Né tale connessione genetica e normativa ribadisce nei confronti delle Regioni speciali il limite posto dall’art. 9, comma 28, perché, al contrario, consente a tali Regioni e alle Province autonome di derogare ad esso, prevedendo che possano procedere a nuove assunzioni nella misura in cui riescano a reperire le necessarie risorse. Si tratta, dunque, di una norma più favorevole per la Provincia autonoma, che risulta priva di qualsivoglia portata lesiva.
5.2.– Quanto infine all’ultimo periodo del comma 24-bis, esso stabilisce un criterio di priorità «per l’attuazione dei processi assunzionali consentiti», disponendo che le amministrazioni pubbliche interessate attingano prioritariamente ai lavoratori a tempo determinato in regime di proroga, «salva motivata indicazione concernente gli specifici profili professionali richiesti». Vi è dunque una preferenza espressa dal legislatore statale, derogabile da quello regionale.
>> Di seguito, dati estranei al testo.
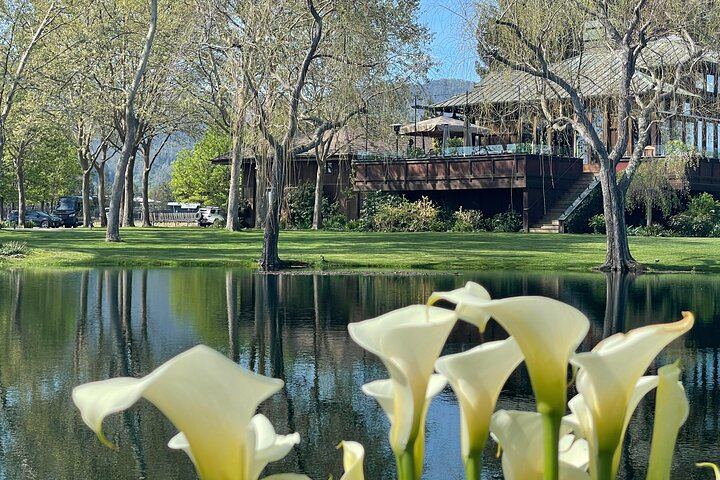 Wine Tour Pros: Privately Driven Napa Wine Tour by Luxury SUV, up to 6 Guests (11/12)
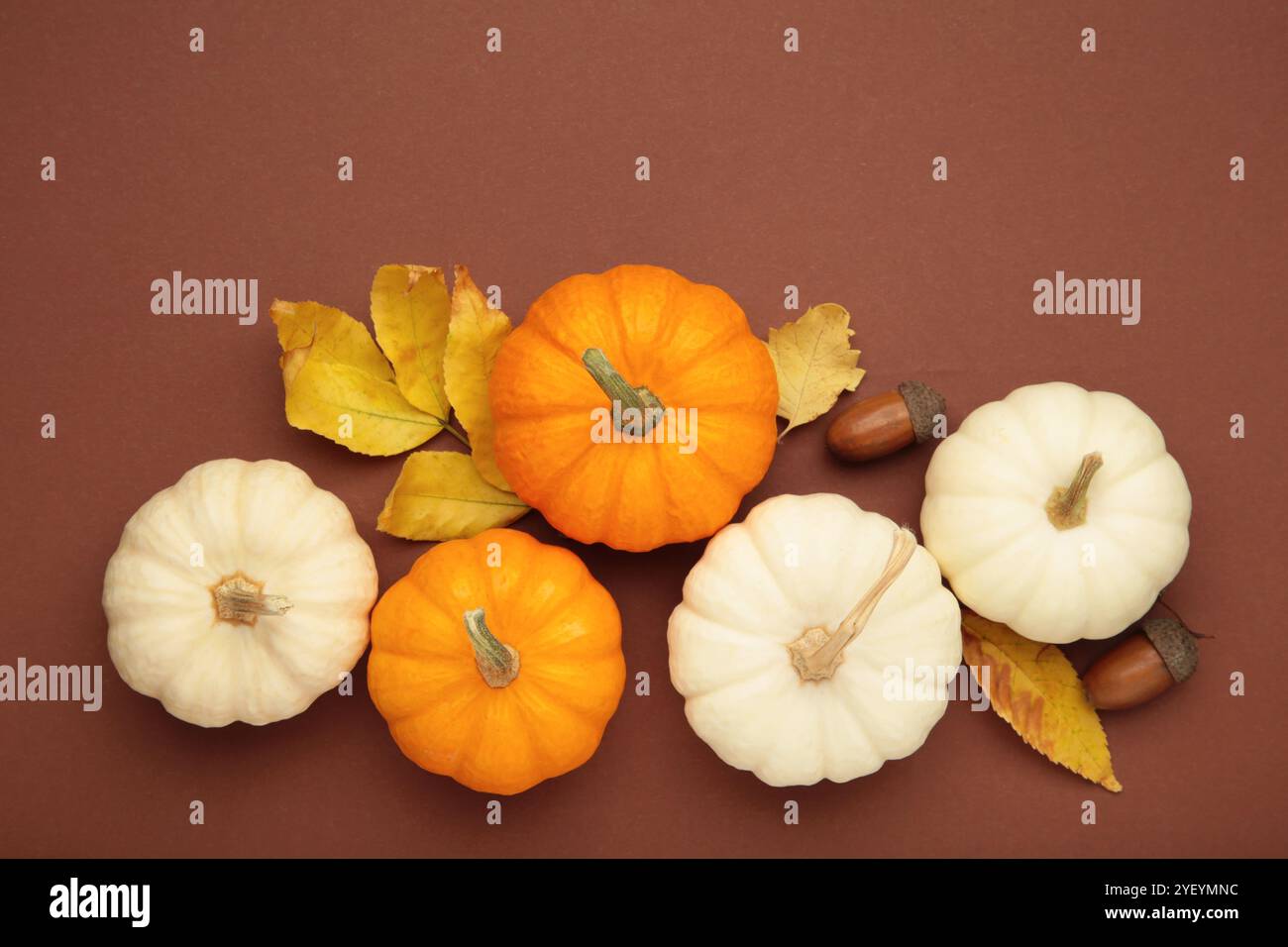 Decorazioni natalizie autunnali con zucche e foglie su sfondo marrone. Vista dall'alto Foto Stock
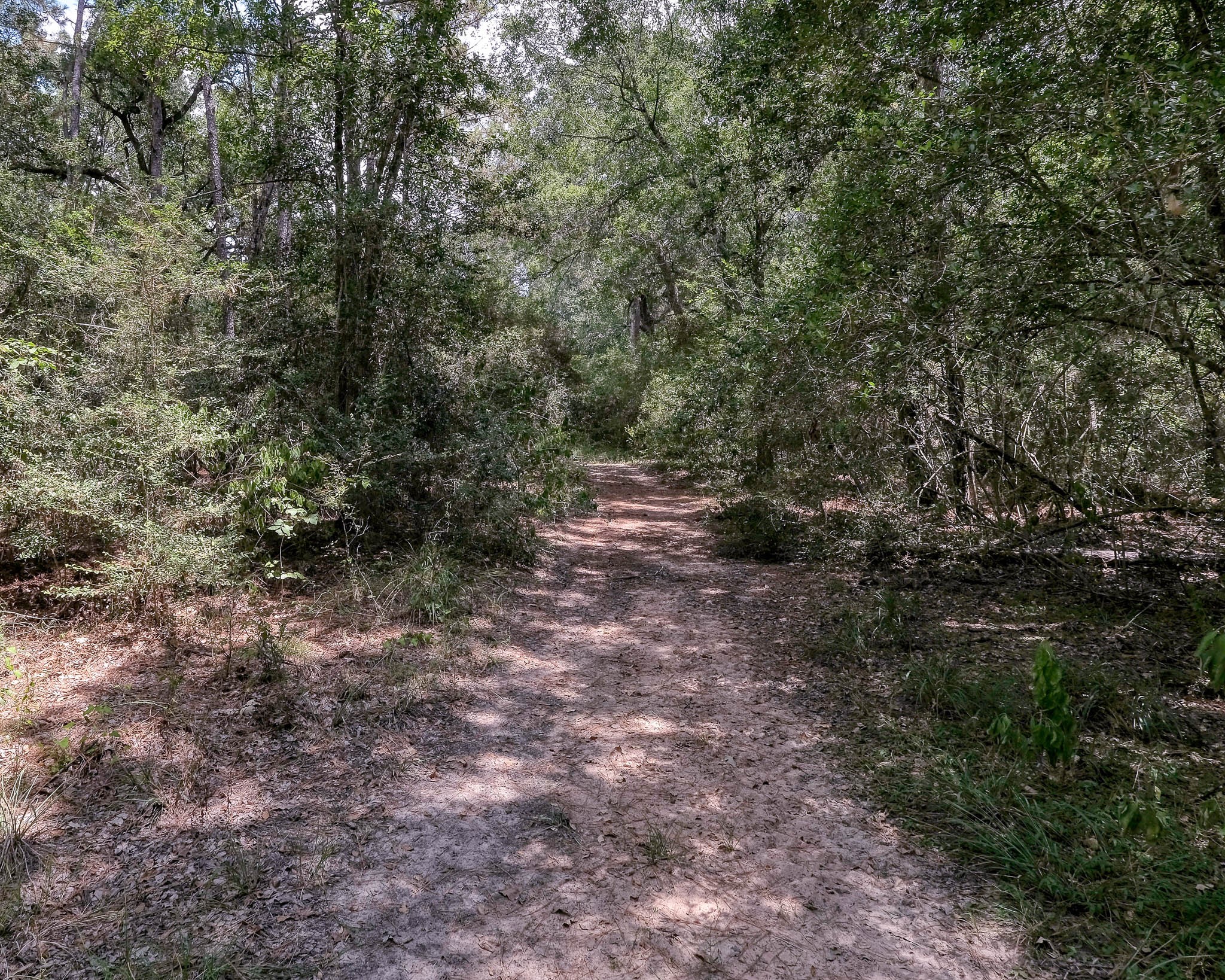2160 Bowler Road Waller, TX 77484 - Photo 21 of 24 a view of a forest with trees in the background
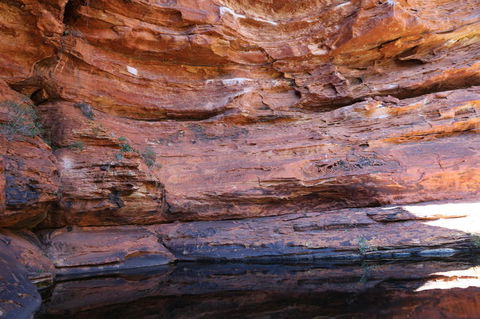 Kings Canyon Day Trip From Ayers Rock - Accommodation Fremantle 16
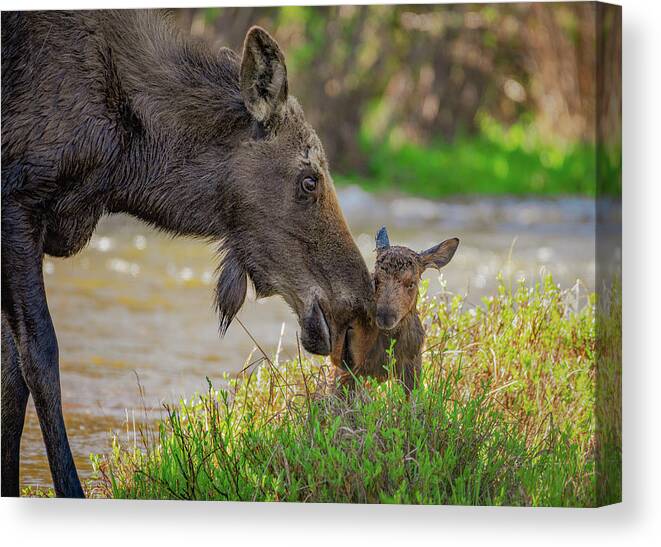 Moose Canvas Print featuring the photograph Welcome to the World by Gary Kochel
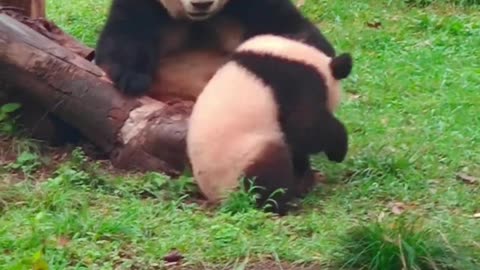 giant panda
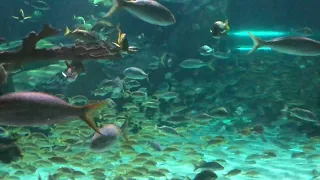 2018 - 7 - Ripley's Aquarium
Nel dare un’indicazione in termini di “priorità” rispetto ai lavoratori da assumere, infatti, il legislatore statale non pone vincoli rigidi, ma lascia alle singole amministrazioni la scelta in ordine alle assunzioni da operare, con la sola richiesta di motivazione, ove necessitino di profili professionali specifici.
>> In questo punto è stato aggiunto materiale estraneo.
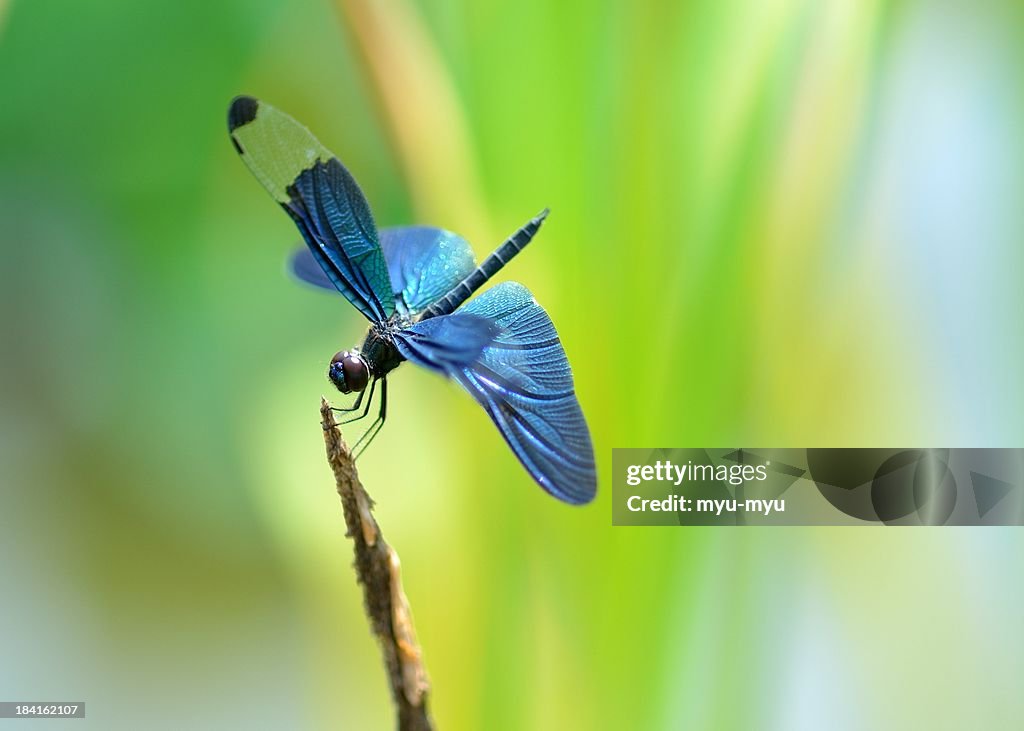 Dragonfly with blue wings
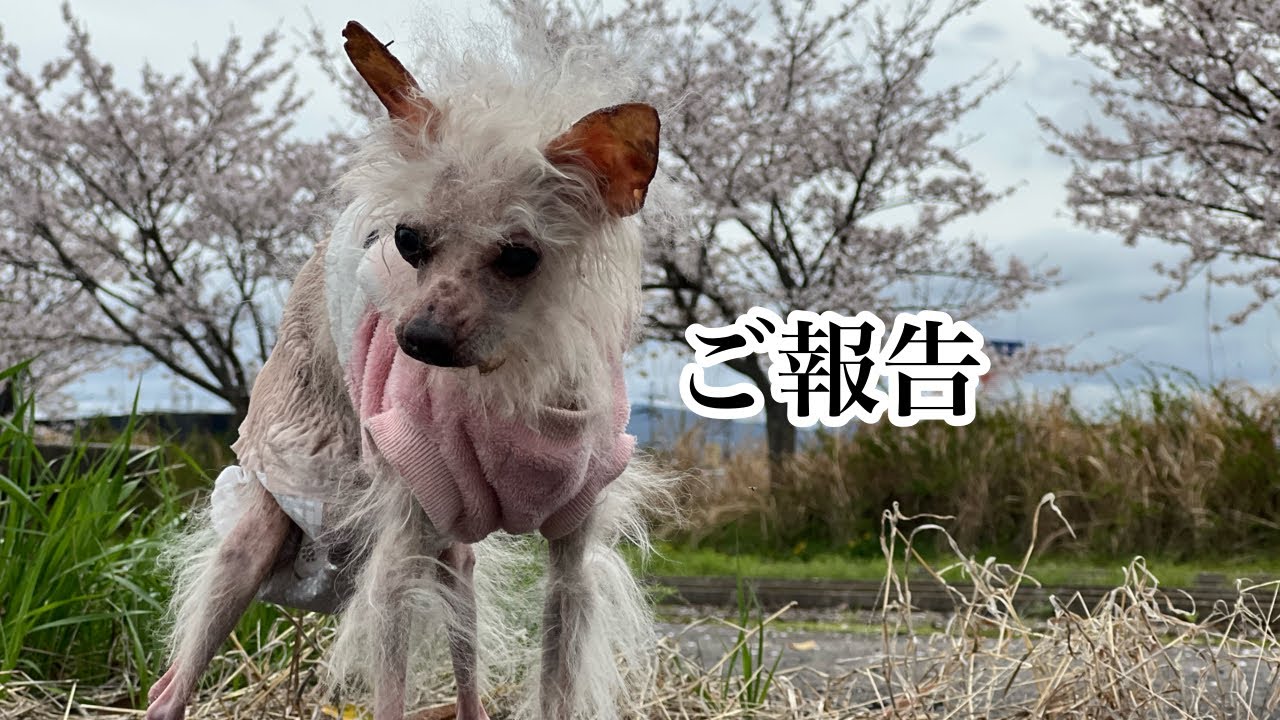 モヒ先生についてお知らせ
Pertanto, non si tratta di una norma di dettaglio, ma di una norma che prescrive un criterio generale e impone di motivare le eventuali determinazioni regionali difformi da tale criterio.


per questi motivi
LA CORTE COSTITUZIONALE
riservata a separate pronunce la decisione delle ulteriori questioni di legittimità costituzionale promosse dalla Provincia autonoma di Bolzano con il ricorso indicato in epigrafe;
dichiara non fondata la questione di legittimità costituzionale dell’art. 14, comma 24-bis, del decreto-legge 31 maggio 2010, n. 78 (Misure urgenti in materia di stabilizzazione finanziaria e di competitività economica), convertito, con modificazioni, dall’art. 1, comma 1, della legge 30 luglio 2010, n. 122, promossa, in riferimento all’art. 8, primo comma, numero 1), e al Titolo VI del d.P.R. 31 agosto 1972, n. 670 (Approvazione del testo unico delle leggi costituzionali concernenti lo statuto speciale per il Trentino-Alto Adige), dalla Provincia autonoma di Bolzano con il ricorso indicato in epigrafe.
Così deciso in Roma, nella sede della Corte costituzionale, Palazzo della Consulta, il 7 aprile 2014.
F.to:
Gaetano SILVESTRI, Presidente
Giuliano AMATO, Redattore
Gabriella MELATTI, Cancelliere
Depositata in Cancelleria il 10 aprile 2014.